Learning to fly
What does it take to push a finely tuned Maserati to its limits? Roger Parloff enrolls in the Italian automaker's new Master Maserati school in Atlanta - and gets a crash course in high-octane driving.
By Roger Parloff, FORTUNE senior editor

(FORTUNE Magazine) -- Precisely how fast I drove a Maserati at Road Atlanta racetrack is not the point. Or maybe it is the point, but since the people with me all claimed to have driven much faster, I'm not going to get into it.

I'll say that I did eventually achieve 145 mph - though that was as a passenger, after my instructor took the wheel.

For someone who drives a 1998 Honda Civic and whose typical peak driving experience consists of using EZPass, attending Maserati's brand-new high-performance driving school was a joy ride down the road not taken.

Maserati, which returned to the U.S. market in 2002 after more than a decade's absence, is offering the program both to increase its visibility in this country and to allow its new owners to explore and master the capabilities of their exotic, high-end, Pininfarina-designed sports cars in a safe, police-free environment.

Similar schools are now offered by BMW, Porsche, Audi, Mercedes, and - since June - Ferrari.

Though Ferrari's program is restricted to existing owners, all the others are also open to anyone who dubs himself a "prospective" buyer.

With Maserati's $3,400 two-day course, the student gets a night at the posh Château Élan Resort & Winery in Braselton, Ga., near the racetrack. (This hotel must possess a very high percentage of all the bidets in Georgia.)

My school day began in the Master Maserati classroom, on the top floor of the Time Tower overlooking the finish line at Road Atlanta.

Six instructors - each a professional race driver - collaborate to teach up to 18 pupils.

After viewing a few PowerPoints, we headed out to the track to perform a series of exercises - braking, skidding, emergency lane-changing, slalom driving -designed to teach what these cars can do when driven to the absolute limits of their capacity. (What could be better? It's like abusing rental cars, except that each vehicle is a masterpiece and there's no guilt.)

Next, each of us took a turn driving through a miniature race course - an "auto-cross" - while being timed. I never knew second gear could be this much fun.

Then it was time for what we had been working up to: the main track.

Though I had expected a banked oval, like what you would see at most NASCAR events or the Indy 500, Road Atlanta is more fun than that. It's a 2.5-mile Le Mans-style course that simulates actual roads over natural terrain.

It has hills ("elevations") and 12 turns, including a real stomach-wrencher at the end that seems to bank the wrong way.

The instructors first drive the students around several times in a Quattroporte -Maserati's four-door luxury sedan - explaining the ideal "line" to pursue, when to start turns, where to brake, where not to.

Then each driver takes the wheel of a GranSport - the grittier, lighter two-door -and starts doing laps himself, first in a follow-the-leader procession and then in isolation but with an instructor in the passenger seat.

By the end of the program, my peers and I had shown great improvement, and it was easy to begin entertaining Walter Mitty-ish notions about what might have been.
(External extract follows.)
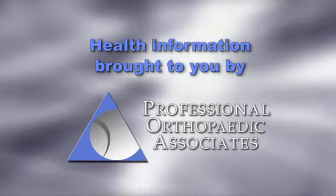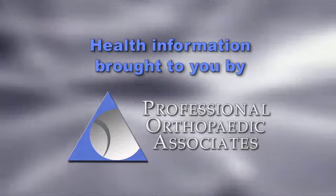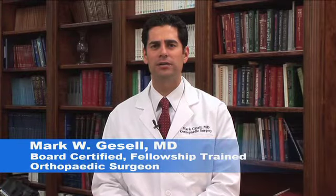Orthopedic Health Information, brought to you by Professional Orthopedic Associates. Hi, my name is Mark Gazelle. I'm a board-certified, fellowship-trained orthopedic surgeon in joint replacement surgery. Today, I'm going to talk to you about unicondylar knee replacement.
Then it hit me that while I had improved my control over the car at high speeds and had gained a better sense of where to position myself on the track, I hadn't even begun to deal with an important piece of the racing puzzle: dozens of other race drivers competing against me.

Thanks be to God Almighty (and, doubtless, to insurance exclusions), there is no head-to-head competition among students at any time during the course. Once I began to imagine other drivers thrown into the mix, the whole racing dream turned nightmarish.

When I returned from school, more than one curious acquaintance asked me whether one can apply what one learns at Master Maserati to daily driving.

The answer will depend in part on whether you actually buy a Maserati or hold on to your Civic. The other key variable will be the degree to which your daily commute resembles Road Atlanta.

Sadly, mine differs in that I regularly encounter potholes, pets, stoplights, and--worst of all--other people.

Still, playing Paul Newman for even a day was its own reward.